Two former U.S. special forces soldiers were among 17 people arrested in Venezuela this week and accused of trying to topple the country’s embattled president, Nicolás Maduro. A Florida-based private security contractor allegedly orchestrated the murky operation and live-tweeted the incursion. “A daring amphibious raid was launched from the border of Colombia deep into the heart of Caracas,” said Jordan Goudreau, the founder of the security contractor Silvercorp, in a video on Sunday.

By the time the video was posted online, eight operatives had been killed after being intercepted by the Venezuelan military. A second boat of would-be invaders was captured on Monday.

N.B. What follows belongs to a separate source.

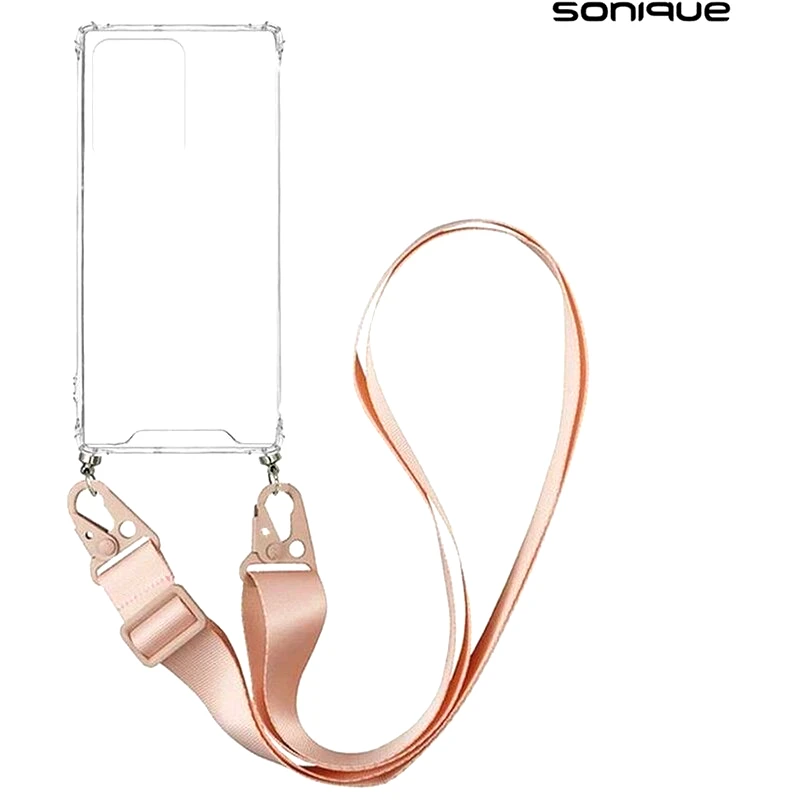 SONIQUE Θήκη Xiaomi Redmi Note 12 5G - Sonique Armor Clear Με Κορδόνι - Κίτρινο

The plot appears to have been infiltrated by Venezuelan intelligence. It was also picked up the Associated Press, which published a detailed account of Goudreau’s plans three days before the attack. One former U.S. diplomat has described the story as a “Keystone Cops Bay of Pigs.”

If Maduro was looking for a propaganda coup, he could not have scripted one better himself. What’s good for Maduro is bad for opposition leader Juan Guaidó, whose lieutenants were reportedly involved in planning the boondoggle. Guaidó is recognized by nearly 60 countries, including the United States, as the rightful leader of Venezuela.

Florida man. Goudreau, a U.S. special forces veteran, took responsibility for the bungled operation. “The main mission was to liberate Venezuela, to capture Maduro, but the mission in Caracas failed,” he told Bloomberg. Founded in 2018, Silvercorp says on its website that it provides crisis planning and risk management services to governments and companies in over 50 countries. The company has also provided security at rallies for U.S. President Donald Trump. Trump has denied that the U.S. government had played a role in the attempted coup.

The plot thickens. The Venezuelan opposition led by Guaidó has denied any connection to Silvercorp. But the Venezuelan political strategist J.J. Rendón told the Washington Post that he was asked by Guaidó to explore all options to oust Maduro. In October 2019, the Venezuelan opposition signed a $219 million agreement with Silvercorp. Guaidó’s signature appears on the contract, but the opposition disputes its authenticity. “What is more outrageous to me is that Guaidó’s representatives not only signed the contract with Goudreau with his knowledge, but that they met with several private security contractors who wanted as much as $500 million. They shopped around, and Goudreau was the budget option,” said Geoff Ramsey, the assistant director for Venezuela at the Washington Office on Latin America, a U.S.-based nongovernmental organization.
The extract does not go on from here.